RECORD SET –
....

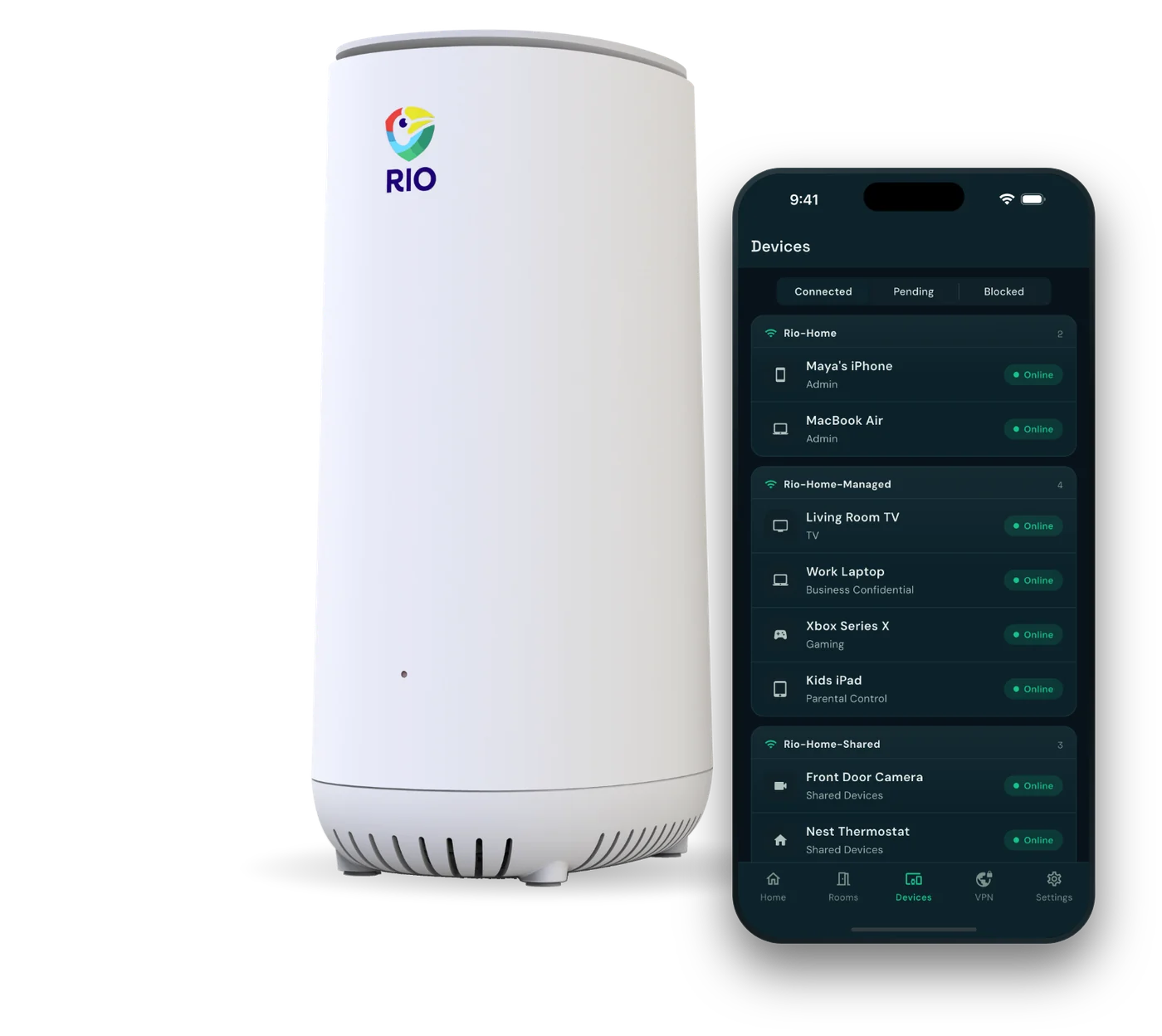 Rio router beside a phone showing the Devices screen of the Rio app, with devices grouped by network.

....

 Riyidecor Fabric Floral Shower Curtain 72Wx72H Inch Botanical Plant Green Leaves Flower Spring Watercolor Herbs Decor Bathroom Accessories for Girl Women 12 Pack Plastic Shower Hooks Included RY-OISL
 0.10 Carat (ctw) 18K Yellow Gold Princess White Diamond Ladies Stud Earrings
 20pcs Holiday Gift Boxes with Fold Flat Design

....

Reproduce the lines above, beginning at the line with "Riyidecor Fabric Floral" and stopping after the line with "20pcs Holiday Gift", exactly as they are.

 Riyidecor Fabric Floral Shower Curtain 72Wx72H Inch Botanical Plant Green Leaves Flower Spring Watercolor Herbs Decor Bathroom Accessories for Girl Women 12 Pack Plastic Shower Hooks Included RY-OISL
 0.10 Carat (ctw) 18K Yellow Gold Princess White Diamond Ladies Stud Earrings
 20pcs Holiday Gift Boxes with Fold Flat Design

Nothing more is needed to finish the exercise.